It Comes at Night est vendu comme un drame d'épouvante, un suspense horrifique. La demeure inquiète largement avec toutes ses ombres furtives. Un immense jeu sonore est porté sur l'ambiance et l'atmosphère, accélérant du coup le rythme cardiaque. Il y a bien quelques facilités (les cauchemars récurrents, les sursauts gratuits et parfois dégueux) et des dialogues un brin artificiels, mais l'ensemble est généralement dosé avec intelligence au sein d'une mise en scène sentie et expressive. Si les amateurs de Saw 28 décrocheront devant le manque d'action et de gore, c'est justement ce temps qui s'érode lentement qui créera une tension et qui marquera au fer blanc les admirateurs de The Witch.

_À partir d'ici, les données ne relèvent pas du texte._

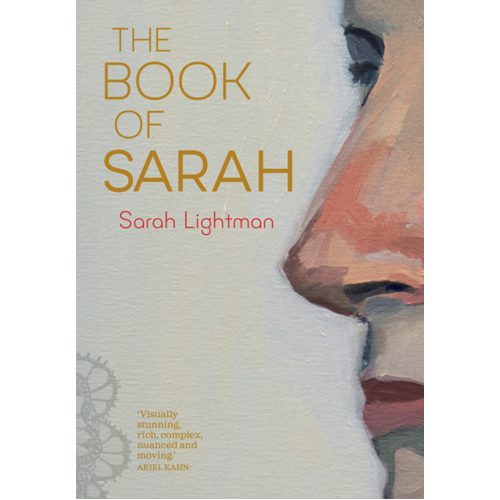 The Book of Sarah - Hardback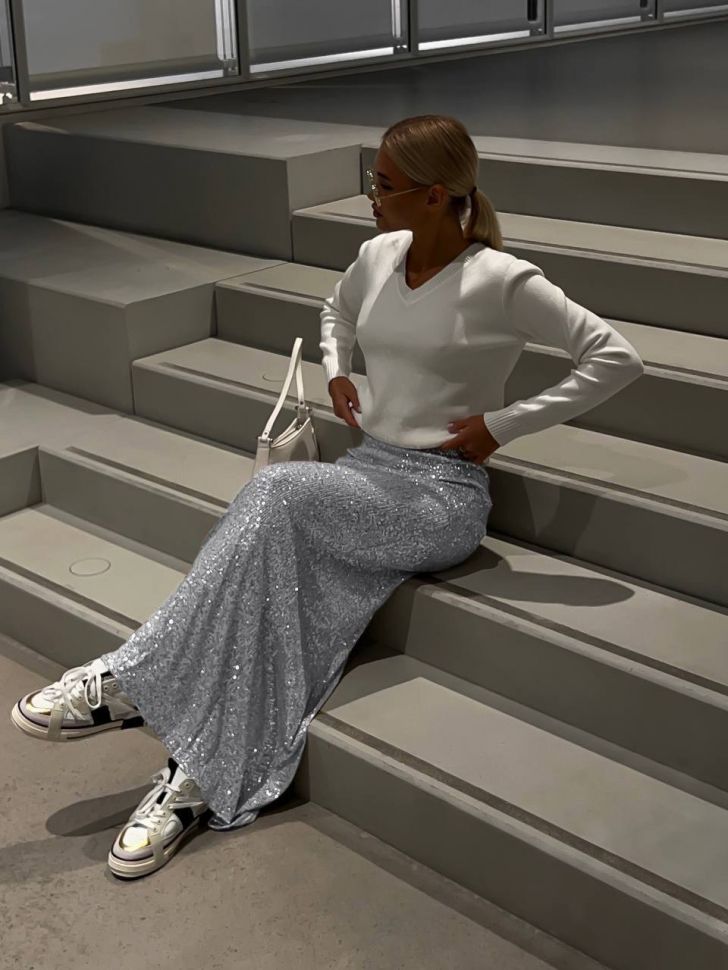 Спідниця S2867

Plus que tout, l'effort s'apparente à un véritable drame familial à tendance psychologique, dans la lignée de Take Shelter et Maggie. Comme son précédent et trop peu vu Krisha, le réalisateur et scénariste américain Trey Edward Shults rapproche ses personnages jusqu'à faire éclater leur bulle. Cela donne de grands moments de bonheur, d'harmonie et d'accalmie... et des périodes de troubles et de menaces, où la paranoïa et la suspicion tiennent le haut du pavé. Tout est donc une question d'acteurs et la distribution finement choisie ne déçoit pas. À commencer par Joel Edgerton, grand habitué de ces rôles difficiles et ambigus, qui livre à nouveau une prestation enlevante.
Ce qui est intéressant dans ce type de projet particulièrement ouvert - comme ce fut le cas de It Follows, The Babadook, etc. - est que le spectateur finit par y projeter tout ce qu'il veut. La métaphore peut facilement s'élargir à la société et au pays. Ce clan tissé serré ne serait-il pas un condensé de l'Amérique? Le bonheur relatif se transforme soudainement en cauchemar et l'intégration de nouveaux arrivants ne se déroule pas nécessairement comme prévu...
Il n'est évidemment pas nécessaire de décoder tous ces éléments pour apprécier It Comes at Night. Pris au premier degré, le film demeure tendu, efficace et extrêmement satisfaisant. C'est lorsqu'on s'y aventure plus profondément qu'une complexité s'en dégage. Une subtilité qui fait naître un degré insoupçonné d'émotions et de dilemmes moraux. Comme quoi la peur et ultimement l'horreur peuvent porter un tout autre visage, bien plus familier que celui qu'on s'attendait.